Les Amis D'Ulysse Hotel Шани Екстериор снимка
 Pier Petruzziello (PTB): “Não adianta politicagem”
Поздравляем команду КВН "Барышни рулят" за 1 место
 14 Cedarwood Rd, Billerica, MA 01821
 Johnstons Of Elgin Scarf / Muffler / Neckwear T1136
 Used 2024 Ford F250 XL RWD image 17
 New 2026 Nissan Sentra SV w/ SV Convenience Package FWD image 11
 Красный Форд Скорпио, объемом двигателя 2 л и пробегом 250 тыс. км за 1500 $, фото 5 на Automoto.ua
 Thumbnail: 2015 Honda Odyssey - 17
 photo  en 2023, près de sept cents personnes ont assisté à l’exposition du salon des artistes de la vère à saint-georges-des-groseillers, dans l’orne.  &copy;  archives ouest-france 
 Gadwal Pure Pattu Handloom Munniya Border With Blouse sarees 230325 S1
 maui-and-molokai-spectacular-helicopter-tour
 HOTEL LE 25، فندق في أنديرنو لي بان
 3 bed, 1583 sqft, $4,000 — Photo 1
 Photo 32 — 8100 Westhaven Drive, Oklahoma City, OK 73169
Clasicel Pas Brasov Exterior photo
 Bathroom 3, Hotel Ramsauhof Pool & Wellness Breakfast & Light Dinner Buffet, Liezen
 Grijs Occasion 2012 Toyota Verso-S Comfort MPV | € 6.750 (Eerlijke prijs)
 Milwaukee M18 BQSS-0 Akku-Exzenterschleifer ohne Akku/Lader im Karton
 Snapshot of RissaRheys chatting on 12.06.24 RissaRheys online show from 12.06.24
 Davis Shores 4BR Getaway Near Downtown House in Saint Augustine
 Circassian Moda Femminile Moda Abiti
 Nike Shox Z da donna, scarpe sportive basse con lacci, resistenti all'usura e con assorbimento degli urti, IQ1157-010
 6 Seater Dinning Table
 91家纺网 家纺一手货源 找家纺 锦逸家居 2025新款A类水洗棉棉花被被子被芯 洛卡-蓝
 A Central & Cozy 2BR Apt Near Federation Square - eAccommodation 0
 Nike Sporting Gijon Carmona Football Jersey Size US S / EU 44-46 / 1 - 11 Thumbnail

· · · · · · ·

TASK DETAILS
Transcribe the material above in its entirety, precisely as written.

EXERCISE SOLUTION
Les Amis D'Ulysse Hotel Шани Екстериор снимка
 Pier Petruzziello (PTB): “Não adianta politicagem”
Поздравляем команду КВН "Барышни рулят" за 1 место
 14 Cedarwood Rd, Billerica, MA 01821
 Johnstons Of Elgin Scarf / Muffler / Neckwear T1136
 Used 2024 Ford F250 XL RWD image 17
 New 2026 Nissan Sentra SV w/ SV Convenience Package FWD image 11
 Красный Форд Скорпио, объемом двигателя 2 л и пробегом 250 тыс. км за 1500 $, фото 5 на Automoto.ua
 Thumbnail: 2015 Honda Odyssey - 17
 photo  en 2023, près de sept cents personnes ont assisté à l’exposition du salon des artistes de la vère à saint-georges-des-groseillers, dans l’orne.  &copy;  archives ouest-france 
 Gadwal Pure Pattu Handloom Munniya Border With Blouse sarees 230325 S1
 maui-and-molokai-spectacular-helicopter-tour
 HOTEL LE 25، فندق في أنديرنو لي بان
 3 bed, 1583 sqft, $4,000 — Photo 1
 Photo 32 — 8100 Westhaven Drive, Oklahoma City, OK 73169
Clasicel Pas Brasov Exterior photo
 Bathroom 3, Hotel Ramsauhof Pool & Wellness Breakfast & Light Dinner Buffet, Liezen
 Grijs Occasion 2012 Toyota Verso-S Comfort MPV | € 6.750 (Eerlijke prijs)
 Milwaukee M18 BQSS-0 Akku-Exzenterschleifer ohne Akku/Lader im Karton
 Snapshot of RissaRheys chatting on 12.06.24 RissaRheys online show from 12.06.24
 Davis Shores 4BR Getaway Near Downtown House in Saint Augustine
 Circassian Moda Femminile Moda Abiti
 Nike Shox Z da donna, scarpe sportive basse con lacci, resistenti all'usura e con assorbimento degli urti, IQ1157-010
 6 Seater Dinning Table
 91家纺网 家纺一手货源 找家纺 锦逸家居 2025新款A类水洗棉棉花被被子被芯 洛卡-蓝
 A Central & Cozy 2BR Apt Near Federation Square - eAccommodation 0
 Nike Sporting Gijon Carmona Football Jersey Size US S / EU 44-46 / 1 - 11 Thumbnail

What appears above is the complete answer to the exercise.